Sabía que esta era una casa que mi esposo había comprado para su conveniencia laboral, pero nunca había venido aquí.
Al abrir la puerta, vi una escena que me quitó el aliento.
Dentro había tres personas: mi esposo, su socia y el hijo de la socia.
Habían decorado la casa de manera acogedora, con un gran — Feliz Cumpleaños— en la pared y el niño vestido como un pequeño príncipe con un gorro de cumpleaños. Hasta que llegué, seguían cantando cumpleaños.
La mujer estaba sentada al lado de mi esposo, incluso tomados de la mano.
Su relación superaba con creces la de simples socios comerciales.
Parecían más una familia.
Mi esposo, quien había dicho a nuestra hija que no podría regresar antes de su cumpleaños, estaba celebrando el cumpleaños del hijo de otra persona aquí.
—¡Valerio Enciso, esto es lo que llamas estar ocupado?! ¿Esta es la razón por la que no estuviste con Ibbie en su cumpleaños?!—
El dolor por la pérdida de mi hija me había hecho perder toda la razón.
Casi estaba histérica.
—Solo es un cumpleaños. ¡El cumpleaños viene todos los años, si no fue este año, habrá el siguiente! ¿Es necesario que vengas desde tan lejos solo para gritarme?—
¿El próximo año?! ¿De dónde sale el próximo año?
Grité con desesperación: —¡Ibbie ha muerto! ¡Ella ha muerto! ¡No hay un próximo año para ella!—
Al escuchar mis palabras, Valerio frunció el ceño profundamente.
No sentía tristeza, solo impaciencia.
—¡ Alba Varas, ahora eres tan cruel que hasta maldices a tu propia hija!?—
A su lado, su socio, Leonor Escandon, rió con sarcasmo.
—Sí, tus palabras son excesivas. Sé que quieres que Valerio vuelva contigo, pero no deberías jugar con la vida de tu hija.—
Después de decir esto, se dirigió a Valerio.
—Después de todo, ella es tu esposa, nosotros solo somos extraños. Vamos, Benito, regresemos a casa.—
Valerio tomó a Leonor de un tirón, sin mirarme siquiera.

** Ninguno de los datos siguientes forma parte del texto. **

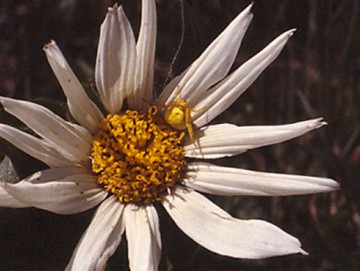 Goldenrod crab spider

—Ella es solo una mujer irrazonable, que intenta salvar mi corazón usando la vida de nuestra hija. No eres nada comparado contigo.—
—No vayas. Ella es la que debería ir.—
Me lancé hacia adelante y le di una bofetada en la cara con el diario de mi hija.
—¡Valerio, eres un monstruo!—
Después de la bofetada, él se enojó aún más, me agarró del brazo y me arrojó a la puerta.
—Te estoy dando una oportunidad de mantener las apariencias. ¡No me obligues a divorciarme de ti!—
Resoplé con frialdad.
Ahora, mi cabello estaba desordenado, mi ropa llena de tierra; cualquiera que me viera pensaría que soy una loca.
De hecho, estoy completamente loca.
Perdí a mi hija y la razón para seguir conmiserando.
—Entonces, divorciémonos.—
Valerio claramente no esperaba que dijera eso, pero solo se quedó un momento desconcertado antes de reaccionar.
—Pff, Alba, siempre dices lo mismo, ¿no puedes cambiar de estrategia?— Y me señaló de arriba abajo con el dedo índice. —Con tu actitud, ¿estás segura de que alguien querrá estar contigo después del divorcio? Sé realista, ¿de verdad crees que aún estás en tus veinte?—
Leonor rió a un lado.
Su risa estaba llena de desprecio.
—Cuñada, ya no eres joven, no te comportes como una joven en problemas de divorcio. Valerio y yo realmente no tenemos nada, solo firmamos un contrato y celebramos el cumpleaños de mi hijo.—
Ya no me importaba.
Siempre supe que esta mujer y Valerio tenían una relación especial, o más bien, que Valerio tenía relaciones especiales con algunas mujeres.
Antes, hacía la vista gorda.
Como dicen, ya no soy joven y no tengo el capital para hacer un escándalo por un divorcio.
Pero ahora, Ibbie ha muerto.
¡Mi amada hija ha muerto! ¡Murió el día de su décimo octavo cumpleaños, intentando celebrar con su padre!
¿Qué significado tiene la existencia de Valerio para mí?